WB to support medical sector in Egypt with bold plan (Photo: Reuters)
Egypt and the World Bank (WB) are embarking on a joint project that aims to facilitate and speed up the implementation of a national universal health insurance programme that was started earlier this year.
On 16 June, the WB announced that its Board of Executive Directors had approved providing $400 million to support Egypt’s transformational Universal Health Insurance System (UHIS), which aims to serve as “as the country’s pathway to achieving universal health coverage and improving the health outcomes of its citizens.”
According to a telephone interview with Maria Wes, Egypt country director at the WB, and Amr AlShalakany, a WB healthcare expert, the project’s objective is to help Egypt achieve long-term stability in health financing with less dependence on state budget and less exposure to economic fluctuations.
The project is launched in acknowledgement of the fact that disparities still persist despite the significant improvement that Egypt has been making in its health outcomes.
It is also based on the fact that despite an improving economic performance, Egypt still has one of the lowest government health expenditures per GDP in the region and one of the highest out-of-pocket expenditure rates.
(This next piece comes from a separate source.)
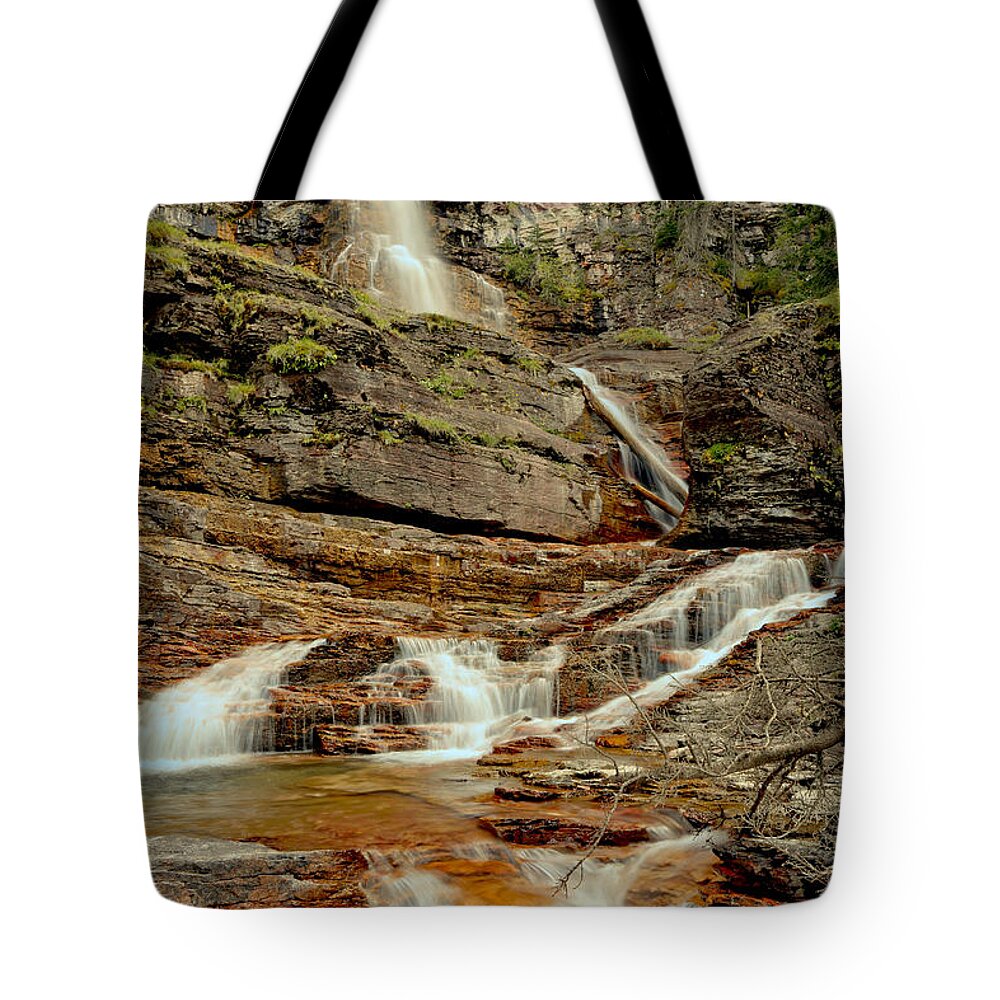 Virginia Falls Tote Bag featuring the photograph Virginia Falls Portrait by Adam Jewell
Maria Wes, Egypt country director at the WB
According to Wes, with a growing population and an increasing life expectancy for women and men in Egypt, it is expected that the demand for healthcare services will be on the rise, and that economically disadvantaged groups, like women and citizens in remote areas, will have to come to the government to access this healthcare, which ranges from access to family planning to the treatment of non-communicable diseases.
Fixing the resources to finance the UHIS is a top priority for the joint work of the WB and the Egyptian government. Essentially, the project aims to spare the budget by securing financing from contributions and premiums, taxes (including road fees, car licensing and tobacco taxes) and copayments by beneficaries at the point of service.
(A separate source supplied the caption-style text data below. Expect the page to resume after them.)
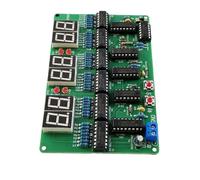 VIRELLO Kit de reloj de bricolaje de 6 dígitos, juego de aprendizaje electrónico de práctica de soldadura para estudiantes y entusiastas, temporizador digital preciso con PCB verde, proyecto de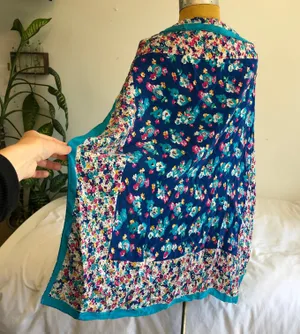 Floral 100% silk scarf Multi thumbnail 3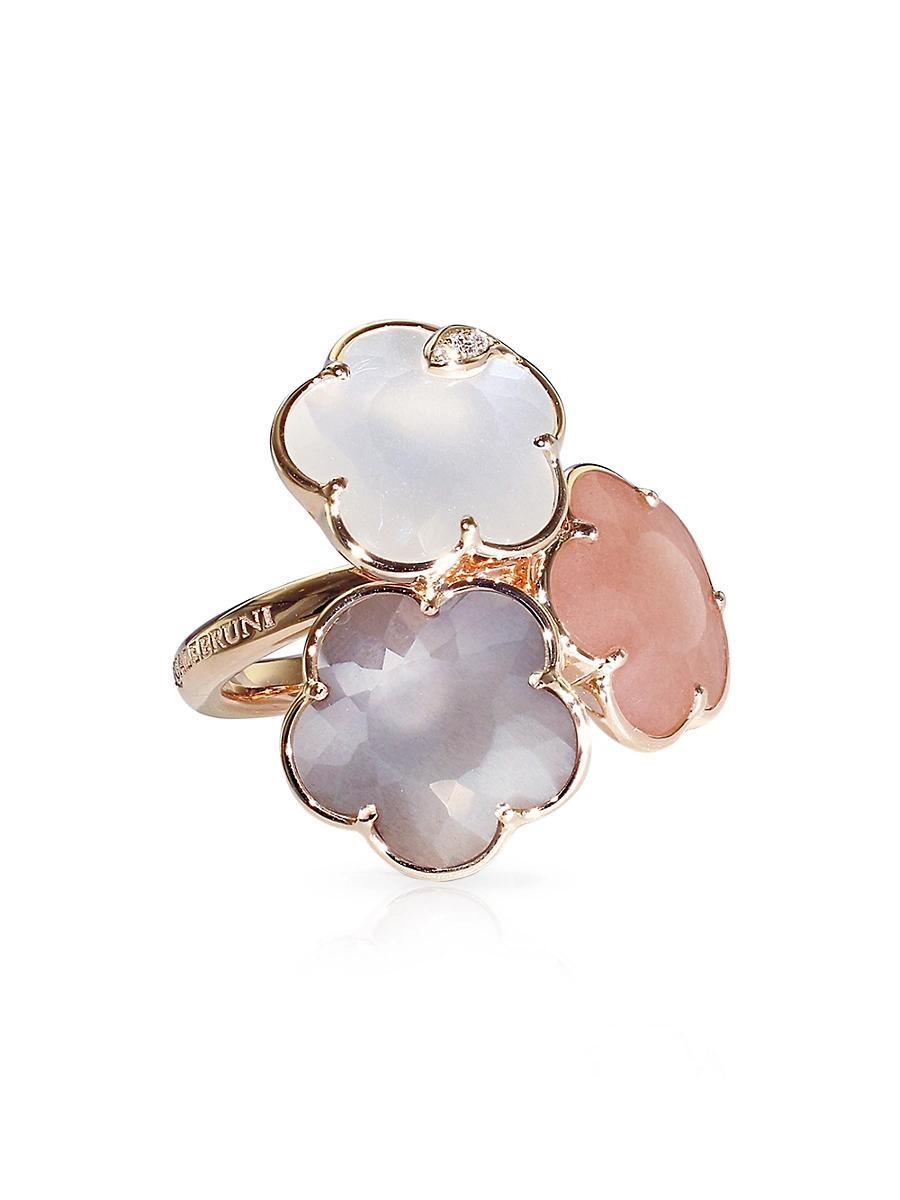 Womens Bouquet Lunaire 18K Rose Gold, Diamond & Moonstone Ring Product Image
This said, Wes stressed that, as would be the case anywhere in the world, there is no fast fix for the ailments of the healthcare system in Egypt. This, she said, is a typically long reform process that is complicated and takes years.
However, Wes said that while it is strictly up to the government to fully reach out to the most disadvantage groups, it would be purposeful for the UHIS to incorporate the private sector as part of accelerating wider coverage for all.
Essentially, the inclusion of the private sector, Wes argued, would attract larger segments of the population that would otherwise be hesitant to subscribe to the UHIS if it is only operated through public hosptials.
Moreover, Wes added that the inclusion of the private sector inevitably creates competition and promotes best practices.
She said that the government will be the decision-maker on the rules of inclusion of the private sector in the UHIS through benefit packages and pricing systems, to make the things equally attractive to the private sector and the recipients of the services.